> _Dataset extract_
━━━━━━━━━━━━━━━━━━━━
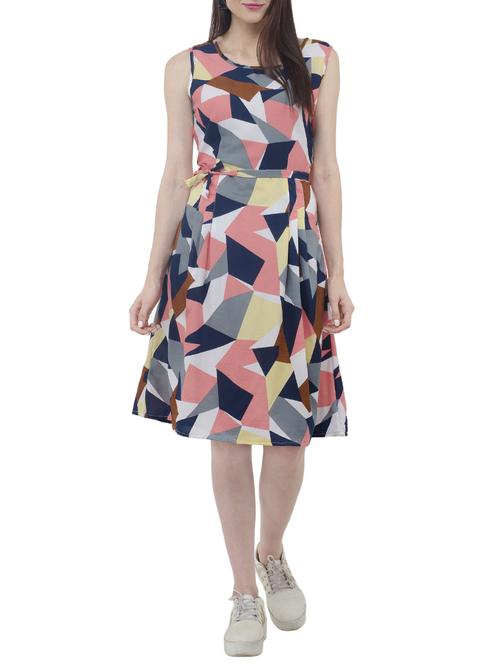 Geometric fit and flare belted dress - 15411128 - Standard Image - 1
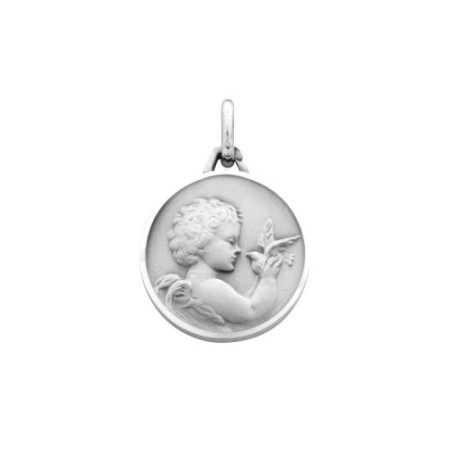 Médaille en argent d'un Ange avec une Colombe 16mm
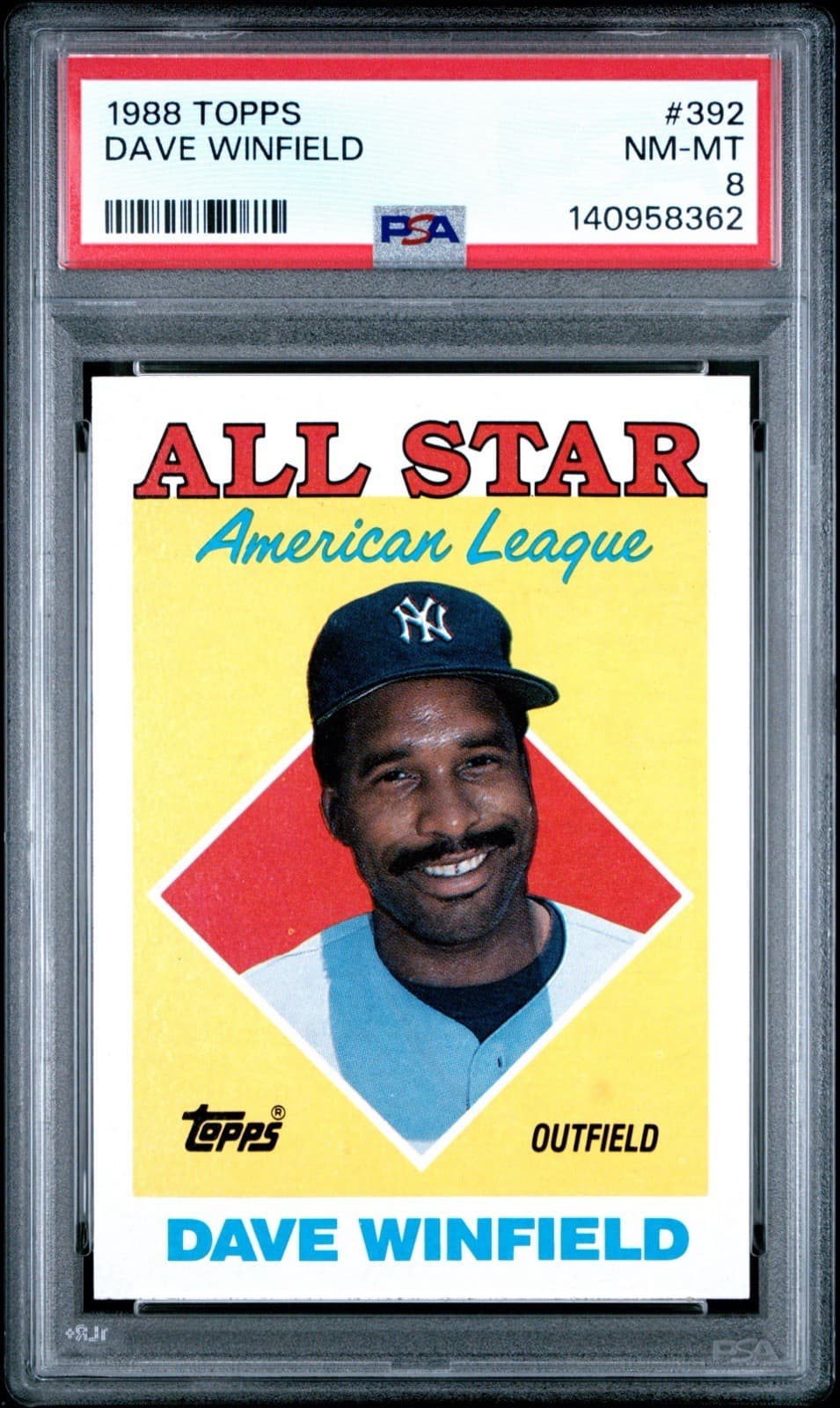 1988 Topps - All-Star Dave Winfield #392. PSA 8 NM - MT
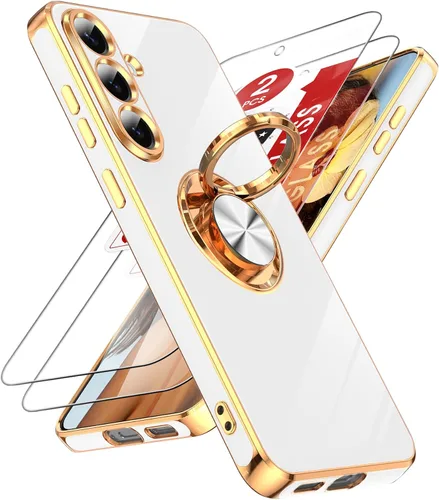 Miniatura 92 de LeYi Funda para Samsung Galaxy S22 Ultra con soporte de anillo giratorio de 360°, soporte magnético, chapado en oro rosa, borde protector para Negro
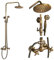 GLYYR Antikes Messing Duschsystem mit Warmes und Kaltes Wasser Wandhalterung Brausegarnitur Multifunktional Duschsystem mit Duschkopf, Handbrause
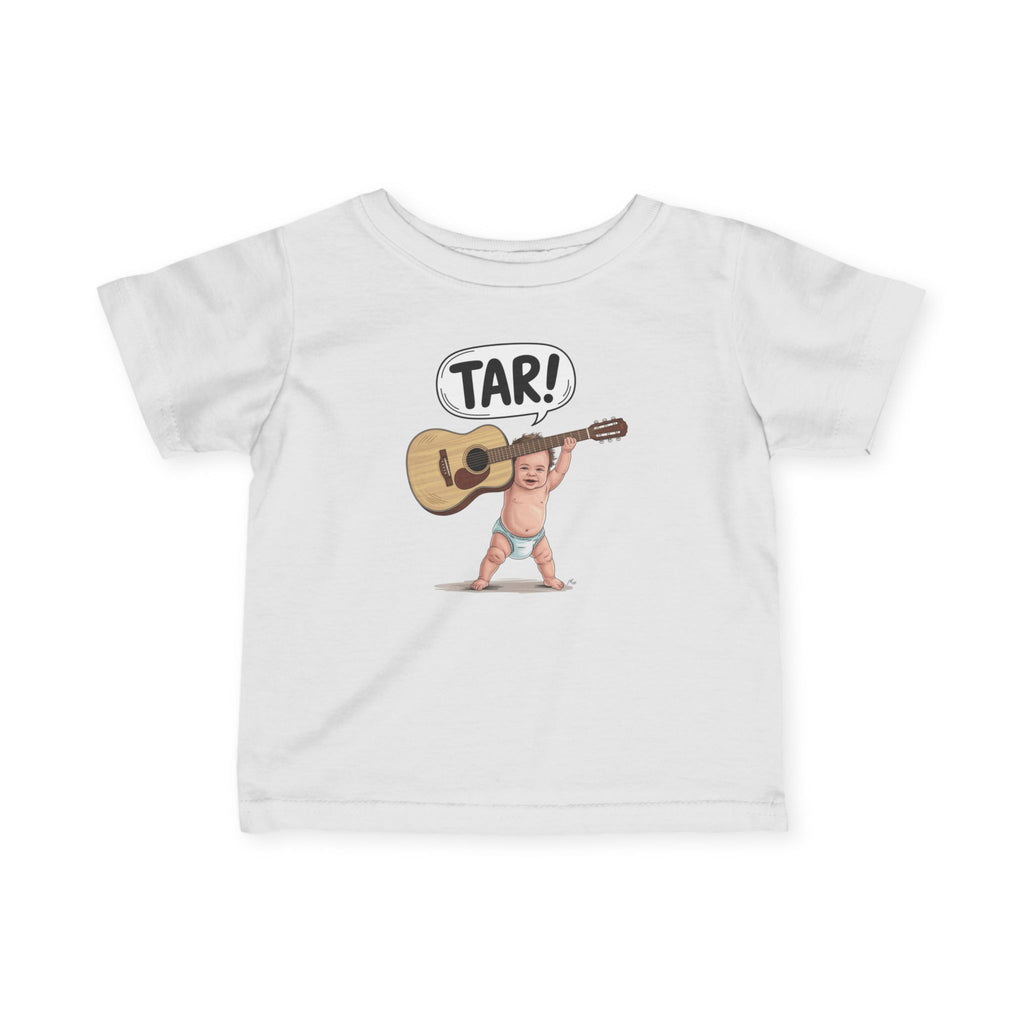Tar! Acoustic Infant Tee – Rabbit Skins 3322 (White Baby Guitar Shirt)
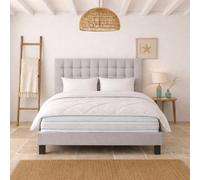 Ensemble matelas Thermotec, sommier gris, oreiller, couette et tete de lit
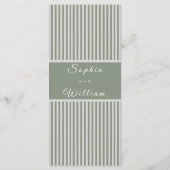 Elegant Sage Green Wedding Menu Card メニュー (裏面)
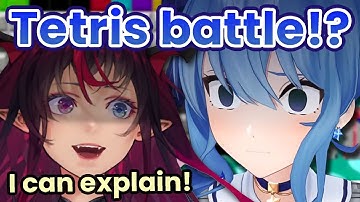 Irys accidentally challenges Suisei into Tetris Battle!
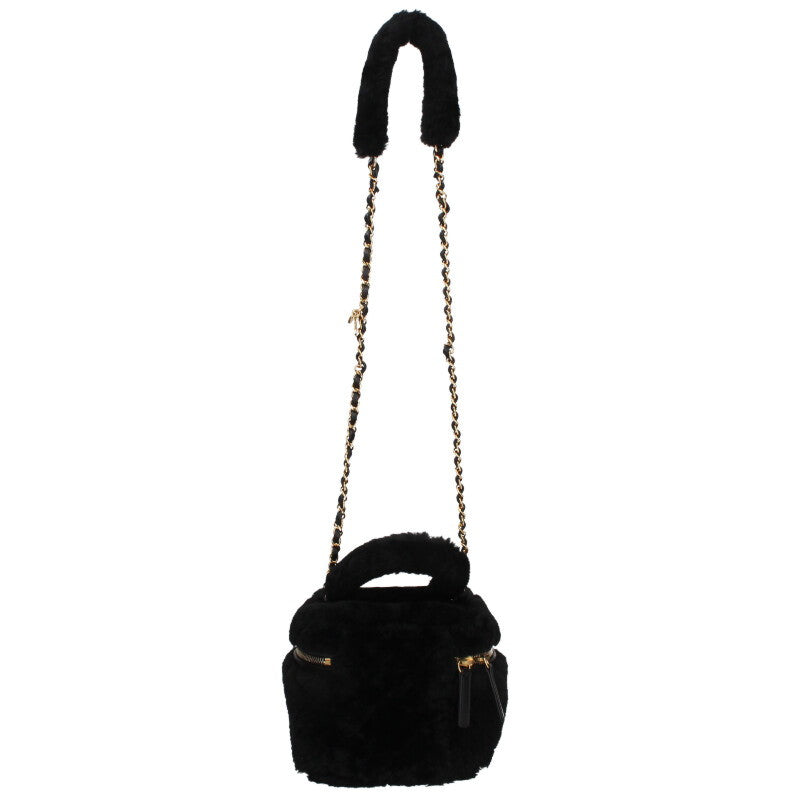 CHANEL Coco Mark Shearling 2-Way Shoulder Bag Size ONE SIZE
━━━━━━━━━━━━━━━━━━━━
> _Task directions_
Lines from the one above containing "Médaille en argent" down to the one containing "Miniatura 92 de" should be transcribed exactly, with both ends kept and no pictures.

> _Task result_
 Médaille en argent d'un Ange avec une Colombe 16mm
 1988 Topps - All-Star Dave Winfield #392. PSA 8 NM - MT
 Miniatura 92 de LeYi Funda para Samsung Galaxy S22 Ultra con soporte de anillo giratorio de 360°, soporte magnético, chapado en oro rosa, borde protector para Negro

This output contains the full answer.